“The Vigil of Easter, which is celebrated at the end of Holy Saturday as the conclusion to the sacred Triduum, ushers in the celebration of the Resurrection of Our Lord on Easter Sunday. The Vigil of Easter connects the days of Holy Week, especially Holy Thursday and Good Friday, with the culminating celebration of the resurrection of Christ from the dead.
In some places throughout the early centuries of the Church’s life, the people of God would hold vigil, which means “keep watch,” through the night in expectation of Christ’s return. A vigil in expectation of Christ’s return at Easter became a common feature of the celebration of His crucifixion and resurrection. The vigil consisted of prayer, psalms and hymns, and readings, especially from the Old Testament, culminating in the celebration of the resurrection at dawn with the Lord’s Supper.

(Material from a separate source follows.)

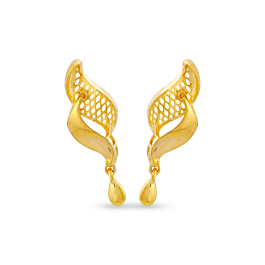 Astonishing Cross Knitted Swirl Gold Earrings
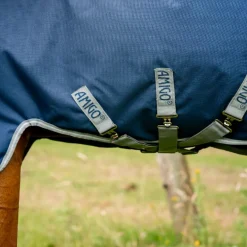 Horseware - Couverture d'extérieur Amigo Bravo Plus Turnout marine/ titanium grey/ argent 50g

As the Church gathered in vigil, she waited in hopeful expectation for the appearance of the resurrected Christ in those most recently born in Him, the newly baptized. During the vigil, those who had prepared throughout Lent to be joined to Christ were baptized. At the dawn of the new day at Easter sunrise, the newly baptized joined the entire Church in the chorus of alleluias at Christ’s resurrection from the dead.”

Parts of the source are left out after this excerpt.